Manor High School is a school with academy status for boys and girls, aged 10 to 14 years (school years 6 to 9). The school serves a suburban area to the south of the City of Leicester, although it falls outside the city's administrative boundaries, within the district of Oadby and Wigston in Leicestershire. The school has specialist technology status.

== History ==
Manor High School originally opened in 1968 as a middle school, taking children from 10 to 14 years of age. It was part of Leicestershire's changes in school structure, which the then Secretary of State for Education, Edward Short, described as making the county "an impressive name in the field of education". Short visited the school in 1970, eighteen months after it opened, when it was described as "one of the county's "showplace" schools ... [which] has been visited by hundreds of people from all over the world". The first intake of pupils were transferred from Gartree School, and pupils leaving at 14 moved to Beauchamp Grammar School. The first headmaster was Walter Higgins.

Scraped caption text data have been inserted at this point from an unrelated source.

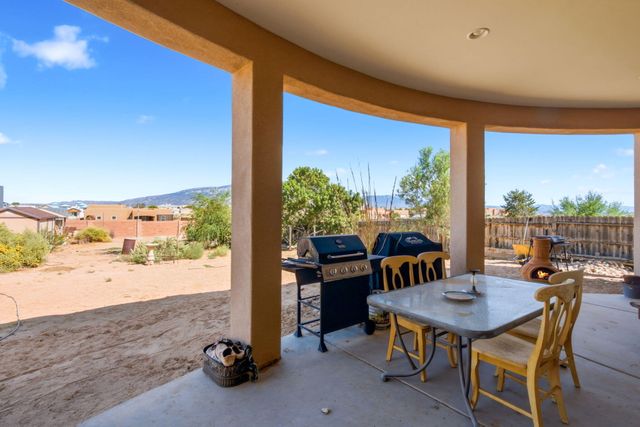 1716 Shoshone Trail NE, Rio Rancho, NM 87144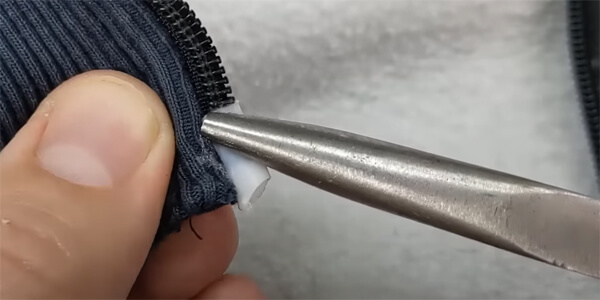 Закріпіть штифт на блискавці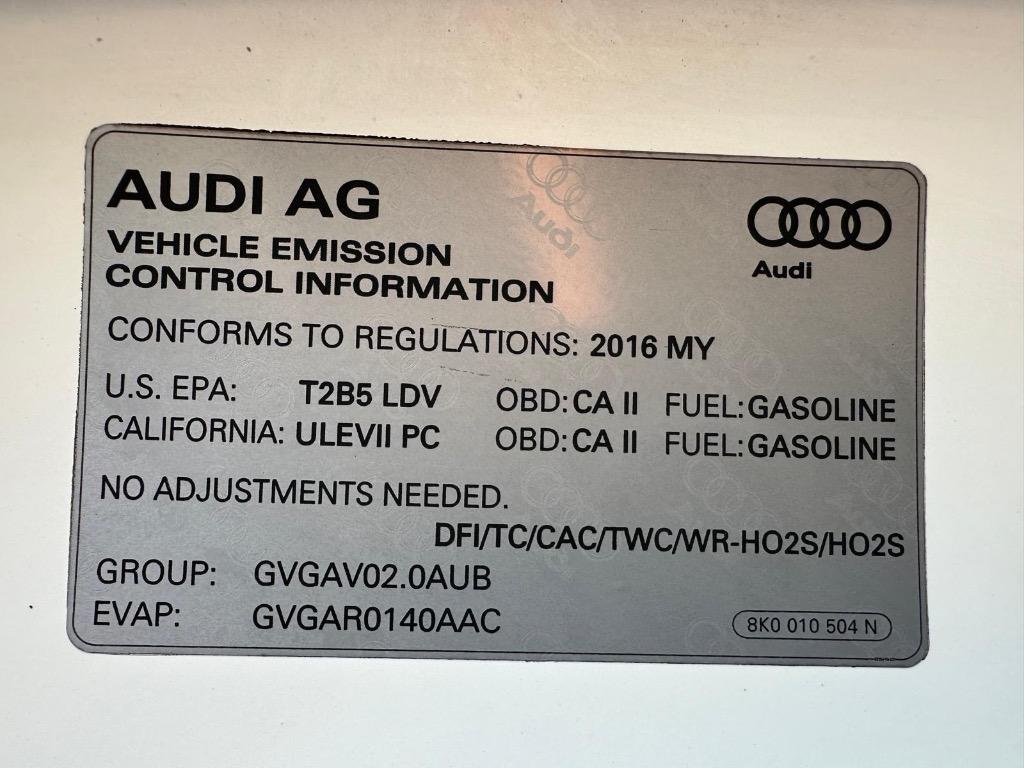 2016 Audi A4 Premium photo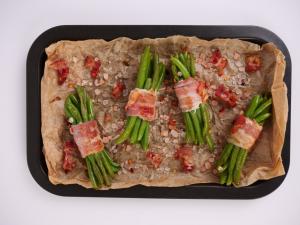 Green beans wrapped in bacon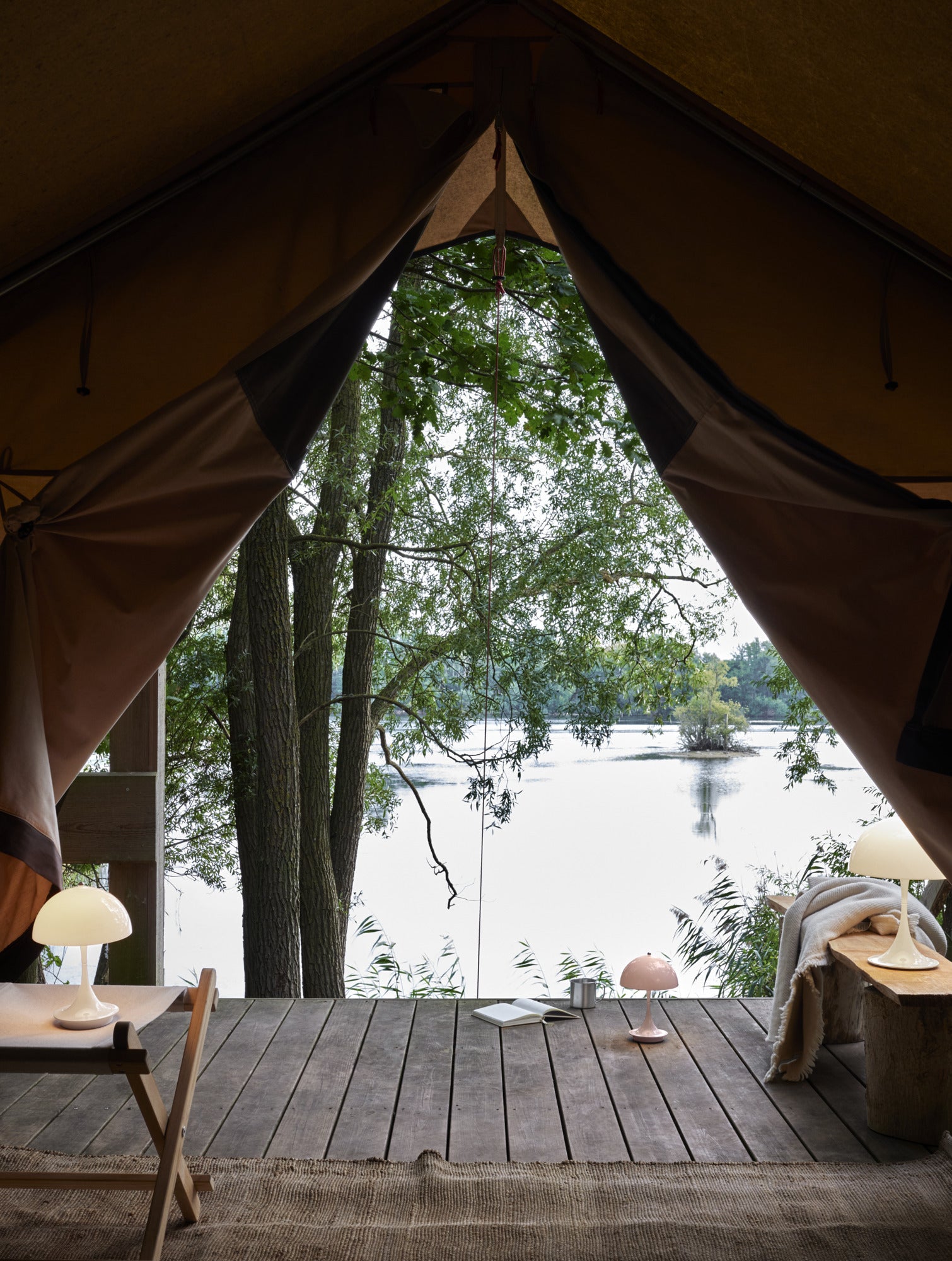 Portable Lamp PANTHELLA 250 Pale Pink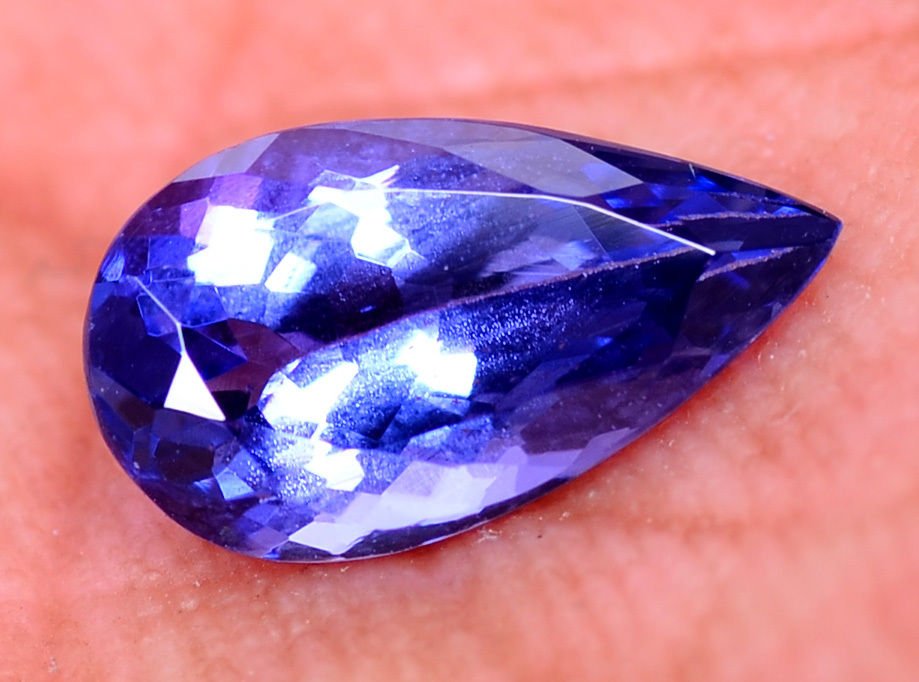 Awesome Pendent Natural Violet Blue Tanzanite 1.62 Ct Pear Cut Certified HG 8991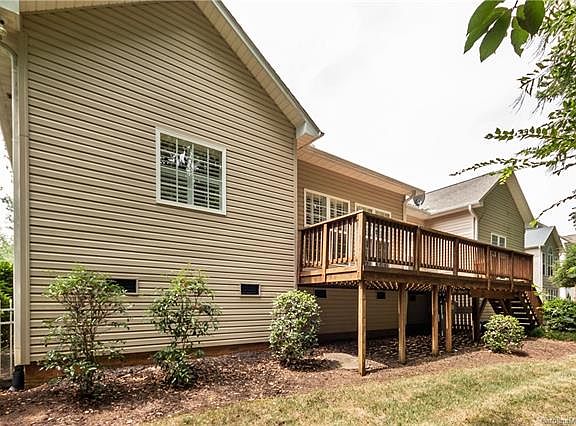 5th image of 7322 Sedgebrook Dr W
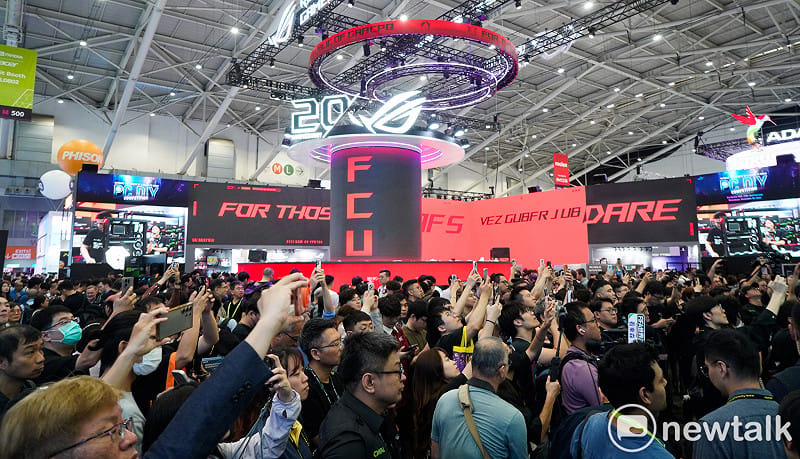 2026台北國際電腦展今起在南港展覽館展出，展出首日即吸引上萬人次參觀參與展出的廠商新產品，場面相當熱絡。&nbsp;&nbsp;&nbsp;圖：張良一/攝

The current headmaster is Simon Grieff

== Campus ==
The school is situated on a campus shared with the neighbouring Brookside Primary School in the north-east of the borough of Oadby along with Pebbles Nursery.

== Curriculum ==
The school was one of only four of its kind in England in providing education for students aged 10 to 14. It was part of the system introduced in Leicestershire to provide for the introduction of comprehensive secondary education in the 1970s. Students transferred from primary schools at the age of 10, and sat National Curriculum Tests in the core subjects of English, Mathematics and Science after eight months at the school.